* **PROBLEM TO WORK ON**: From the line with "tattoo de cruz" through the last line of the records below, both ends included, transcribe only those lines, exactly, and omit the pictures.

* **Scraped caption text data**:
■ ■ ■ ■
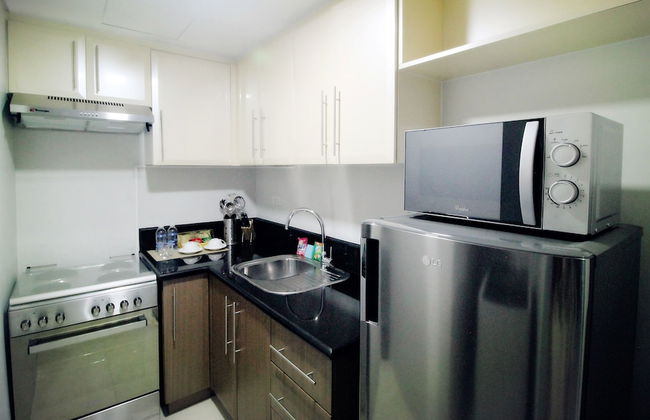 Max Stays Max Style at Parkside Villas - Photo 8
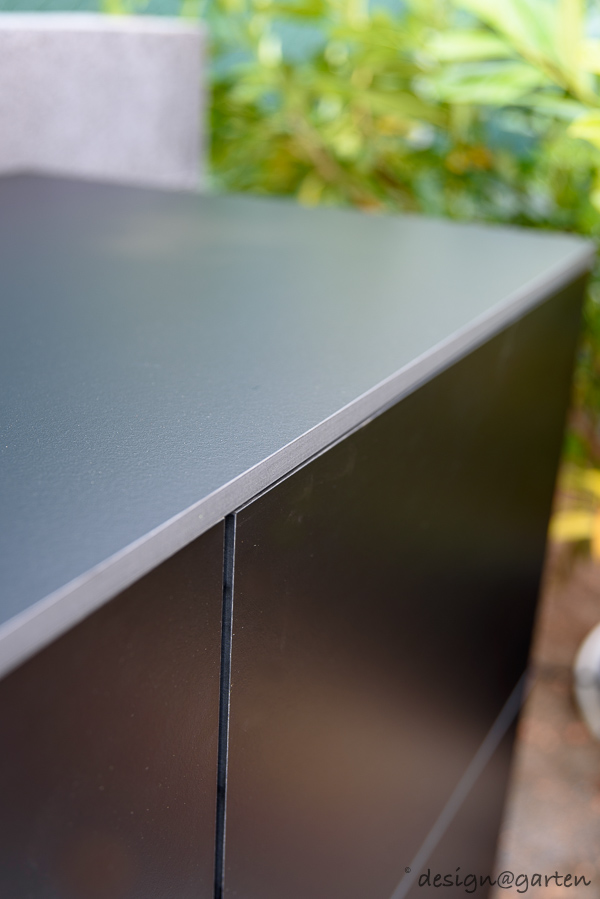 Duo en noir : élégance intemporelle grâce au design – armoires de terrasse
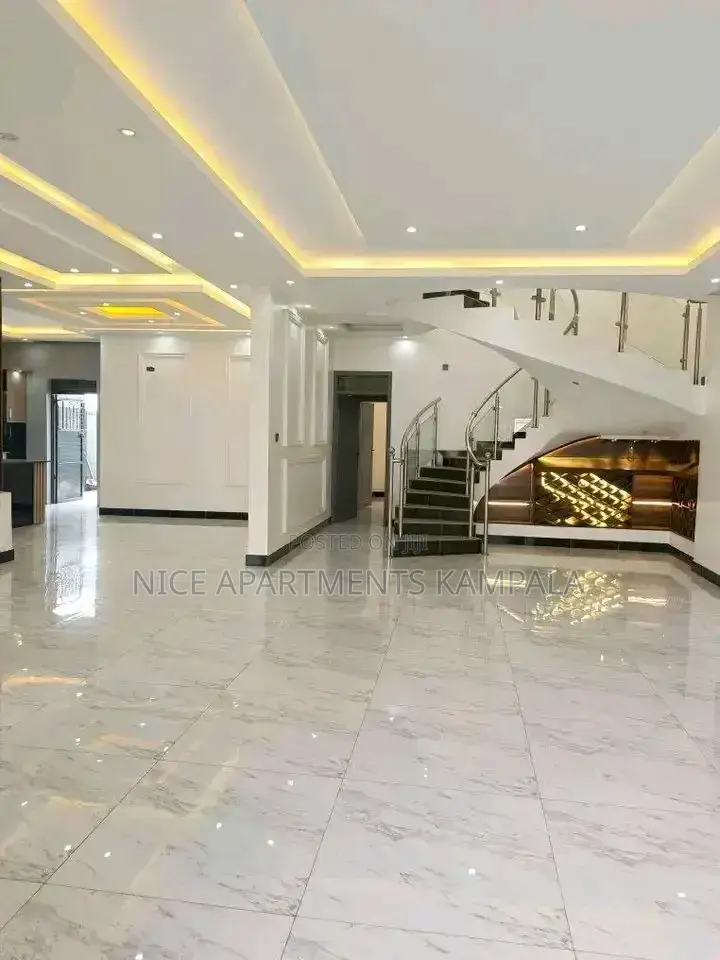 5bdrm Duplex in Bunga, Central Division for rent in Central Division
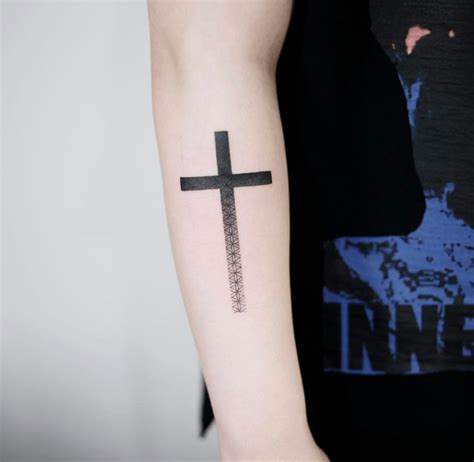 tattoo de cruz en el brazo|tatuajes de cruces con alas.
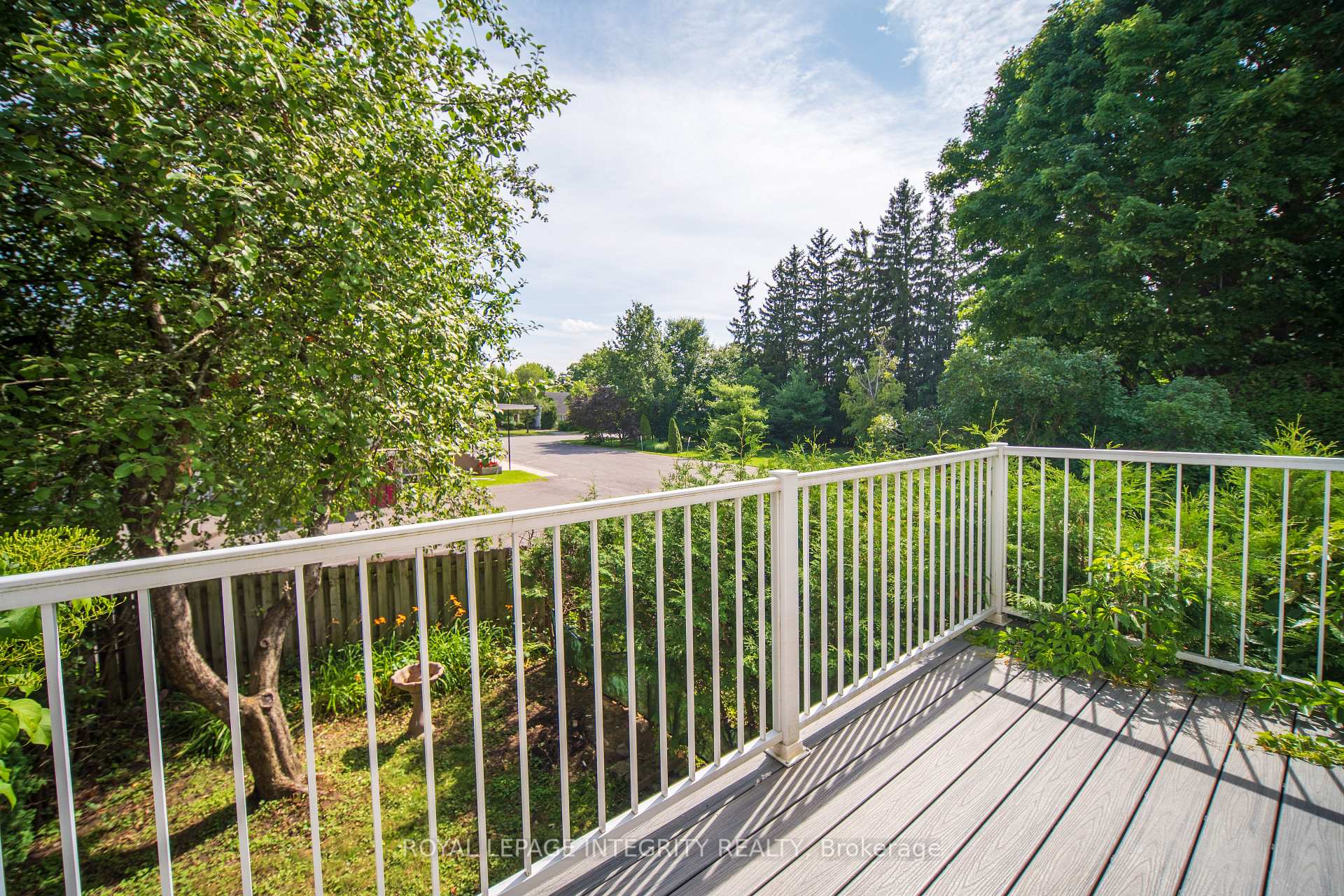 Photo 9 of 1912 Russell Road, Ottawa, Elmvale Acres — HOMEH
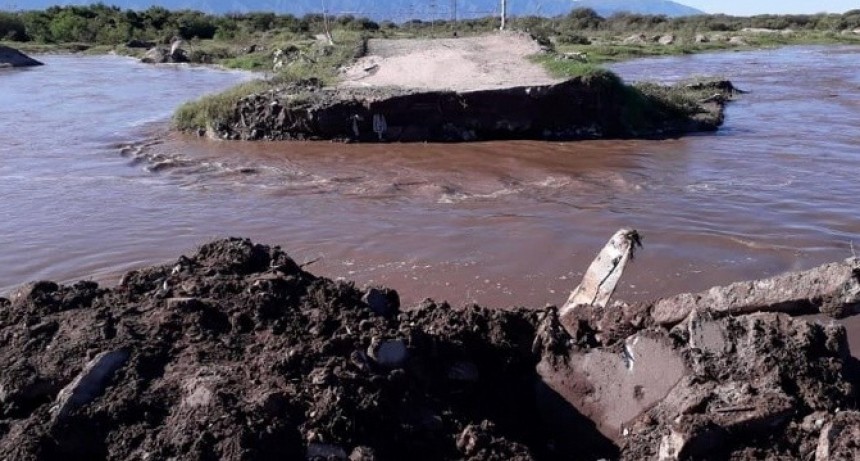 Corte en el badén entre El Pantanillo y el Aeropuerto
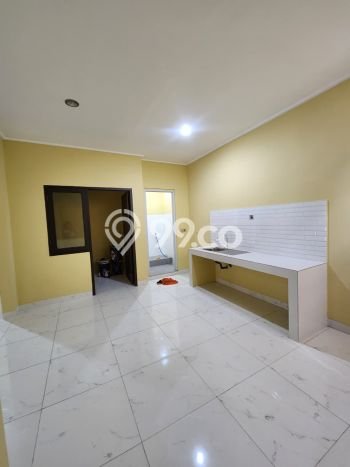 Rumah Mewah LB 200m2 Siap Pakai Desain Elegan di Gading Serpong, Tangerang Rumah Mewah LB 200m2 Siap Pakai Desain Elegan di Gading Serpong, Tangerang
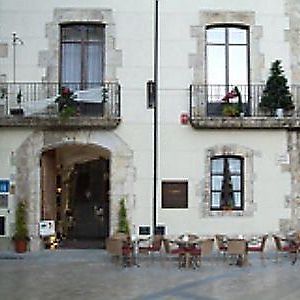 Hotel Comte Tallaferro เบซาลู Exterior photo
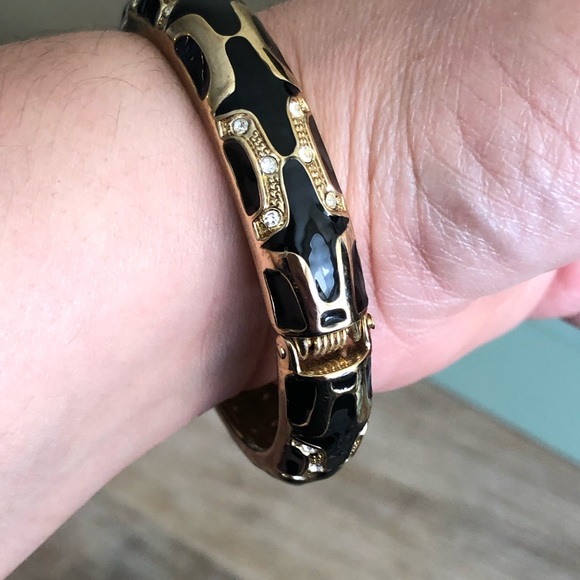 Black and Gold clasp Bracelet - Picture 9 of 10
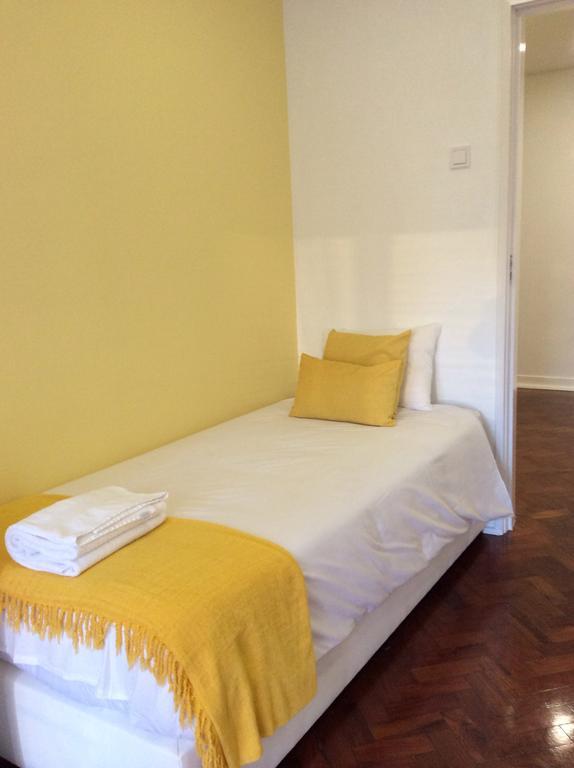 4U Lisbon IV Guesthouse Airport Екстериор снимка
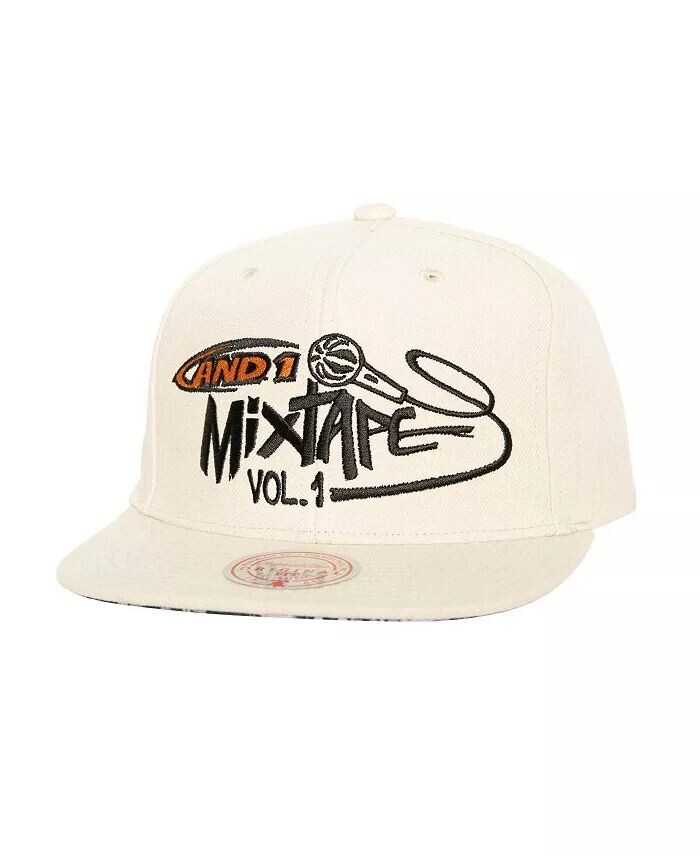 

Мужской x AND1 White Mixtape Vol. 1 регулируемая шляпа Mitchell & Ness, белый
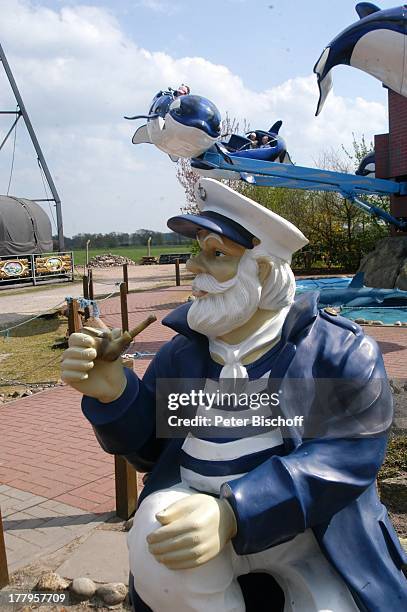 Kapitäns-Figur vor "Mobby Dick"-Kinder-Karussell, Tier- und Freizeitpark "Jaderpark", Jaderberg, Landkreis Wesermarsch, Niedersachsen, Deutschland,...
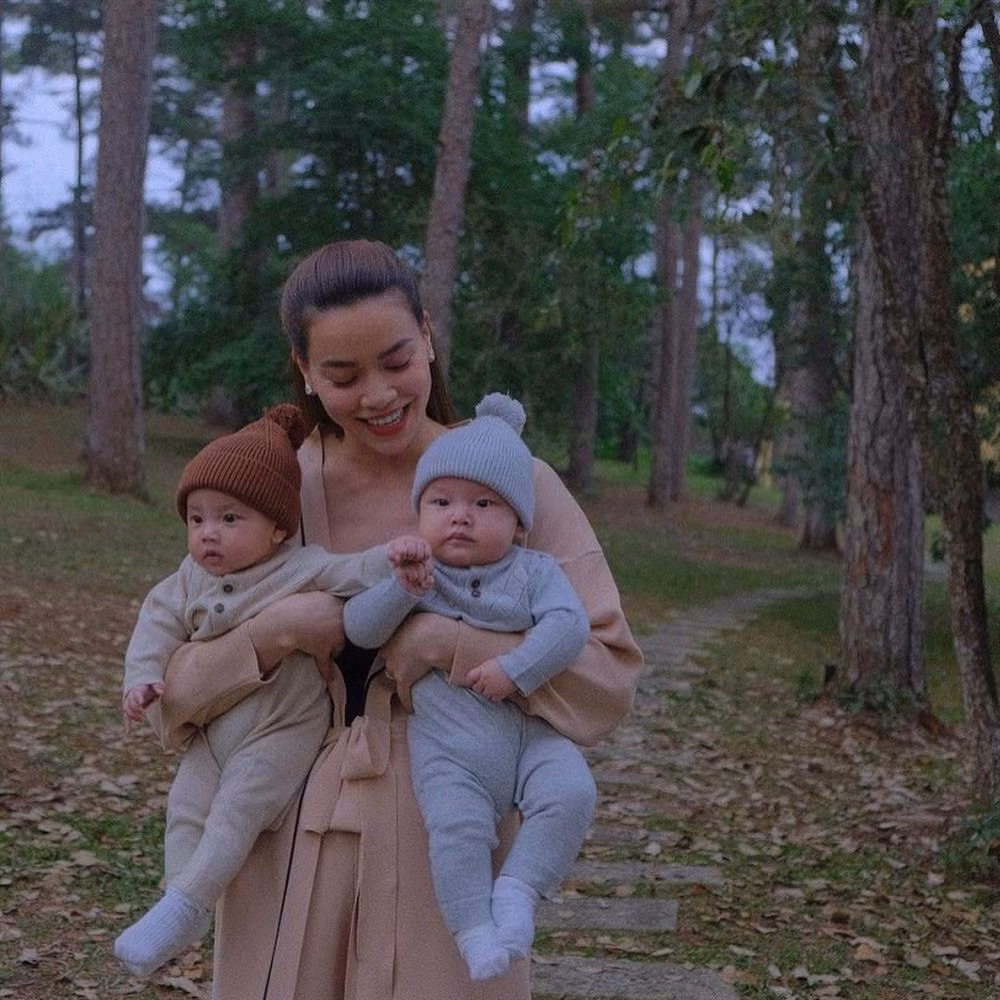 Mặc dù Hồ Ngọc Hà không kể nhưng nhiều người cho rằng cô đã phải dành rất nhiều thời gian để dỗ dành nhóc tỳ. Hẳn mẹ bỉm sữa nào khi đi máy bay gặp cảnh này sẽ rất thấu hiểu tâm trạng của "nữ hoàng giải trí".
■ ■ ■ ■
* **ANSWER TO THIS PROBLEM**:
 tattoo de cruz en el brazo|tatuajes de cruces con alas.
 Photo 9 of 1912 Russell Road, Ottawa, Elmvale Acres — HOMEH
 Corte en el badén entre El Pantanillo y el Aeropuerto
 Rumah Mewah LB 200m2 Siap Pakai Desain Elegan di Gading Serpong, Tangerang Rumah Mewah LB 200m2 Siap Pakai Desain Elegan di Gading Serpong, Tangerang
 Hotel Comte Tallaferro เบซาลู Exterior photo
 Black and Gold clasp Bracelet - Picture 9 of 10
 4U Lisbon IV Guesthouse Airport Екстериор снимка

Мужской x AND1 White Mixtape Vol. 1 регулируемая шляпа Mitchell & Ness, белый
 Kapitäns-Figur vor "Mobby Dick"-Kinder-Karussell, Tier- und Freizeitpark "Jaderpark", Jaderberg, Landkreis Wesermarsch, Niedersachsen, Deutschland,...
 Mặc dù Hồ Ngọc Hà không kể nhưng nhiều người cho rằng cô đã phải dành rất nhiều thời gian để dỗ dành nhóc tỳ. Hẳn mẹ bỉm sữa nào khi đi máy bay gặp cảnh này sẽ rất thấu hiểu tâm trạng của "nữ hoàng giải trí".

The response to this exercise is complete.